Breakfast At Bolstaðarhlið 8
Staying in a guesthouse is a win/lose proposition. Win: you get a nice homey place to stay (sometimes) and can meet a variety of people over breakfast. Lose: The variety of people are usually tourists. I had been out late the night before so I didn't have any idea with whom I would be eating. I soon found out; it was a group of grad students in education from Michigan, in Iceland to do some comparative studies. It was a package deal, they were led by a weary faculty adviser who had evidently done this thing one too many times before. There were three women and one man, John. John didn't want to be here either. His steady stream of complaints about the strangeness of things here was instantly annoying. The breakfast table was spread with a wide variety of things, breads, crackers, cheeses, fish, granola, skyr and other dairy products. The food was all wholesome and natural. John would have none of it. He rummaged through his back-pack and came up with a jar of Jif peanut butter. He grabbed the whitest bread he could find and slathered it with the sweetened, hydrogenated goo. That's all I ever saw him eat.

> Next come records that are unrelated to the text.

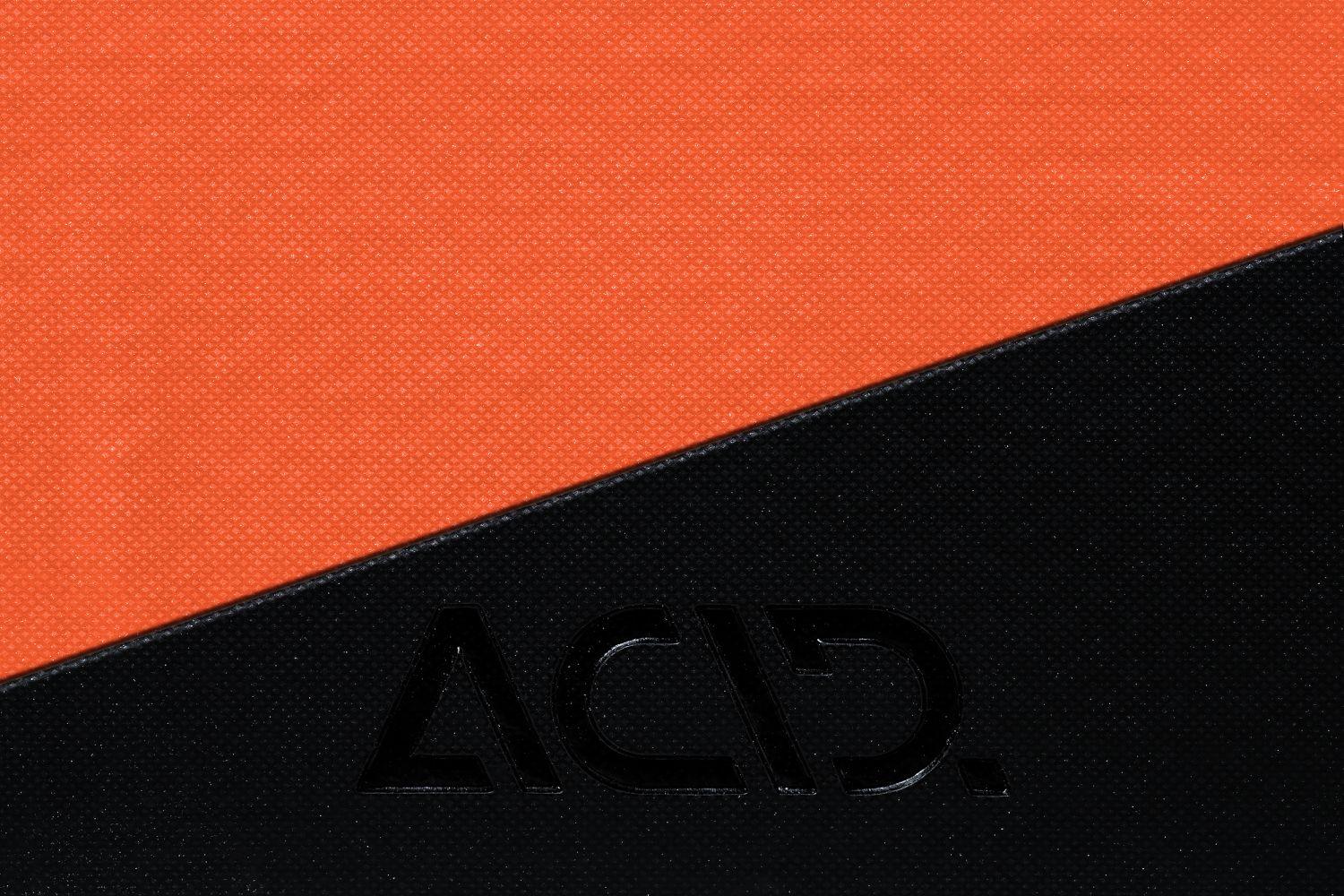 Acid Lenkerband RC 2,5 CMPT - Image 6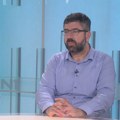 Lazović: Mislim da će parlamentarni izbori biti održani poslednjeg dana kada je to moguće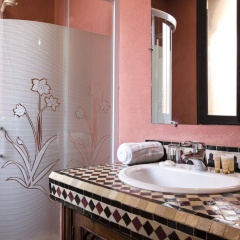 Riad Marrakech House thumbnail 8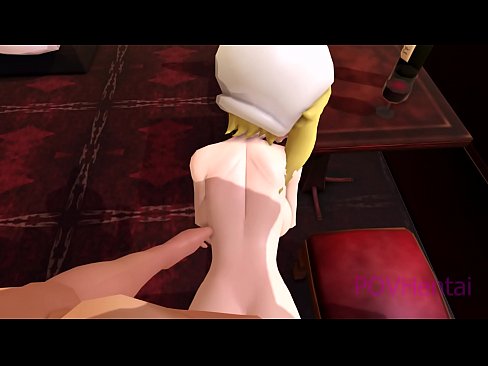 ❤️ Fiona herdin cancer hentai ️❌ Pornvideo at us ﹏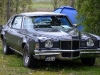 US-Car-Treffen_MD_2011_1578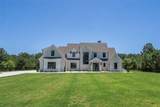 2944-A George Williams Road - Photo 1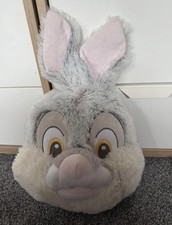 Disney primark home - disney, x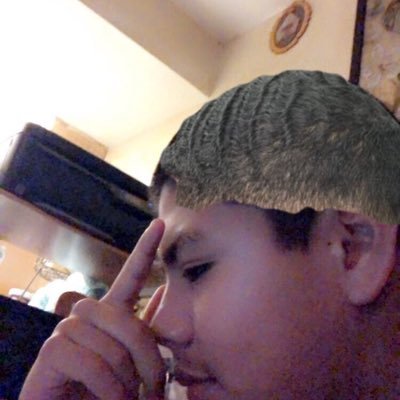 majorproblem810's profile picture. 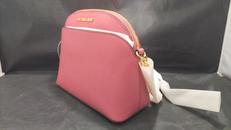 ショルダーバッグ|MICHEAL KORS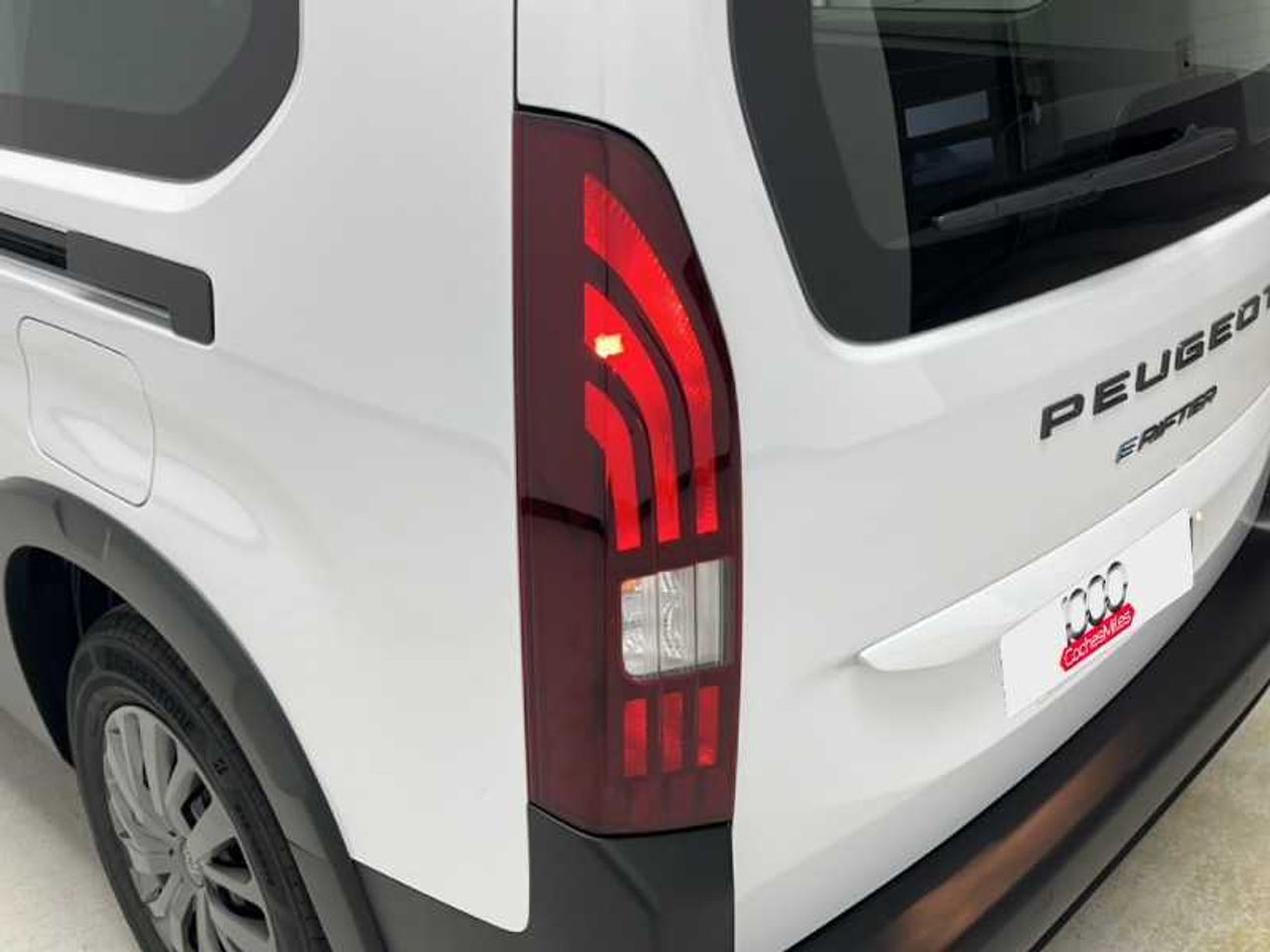 40543ad341c7ad9b85737cf1254c2d0f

The table talk turned to the Iraq invasion and occupation. It had been ongoing for less than a year at the time, before the Abu Ghraib prison photos, and when things there weren't nearly so dire. John thought the US was completely justified, and couldn't understand why the Iraqis hadn't been more helpful to the cause of democracy.
I posted my objections to his reasoning- "Their country is occupied by a foreign army. It doesn't matter what political system the US is offering, we're occupying their homeland, that is why they want us out."
"I think the US should be able to go anywhere and do anything when it comes to their own best interests." John countered. A look of apprehension passed over our landlady's face.
"John, you might want to consider tempering your comments, seeing as Iceland is also a country occupied by the US military." The conversation came to a halt.
That was over three years ago. It's fairly certain that John's views haven't changed much. The US role in Iraq has changed, and not for the better. One thing has changed- there is no longer a United States military garrison stationed in Iceland. In a way, it may be a result of the Iraq occupation. The US armed forces are spread thin and even our spendthrift president has had to make cutbacks somewhere.
And so, on this, the fifth Memorial Day since the invasion of Iraq, (its occupation has lasted longer than the US involvement in World War II) there is still almost no public discourse in the media about the morality of the US occupying a sovereign foreign nation without any prior military provocation. There has been no meaningful action toward the end of the US involvement. None of the presidential candidates wants the war to end until after they are elected (can you say "Nobel Peace prize?") The real name of the game is "cut your losses" but Dubya is going to continue playing "Texas Hold 'em" until he's busted.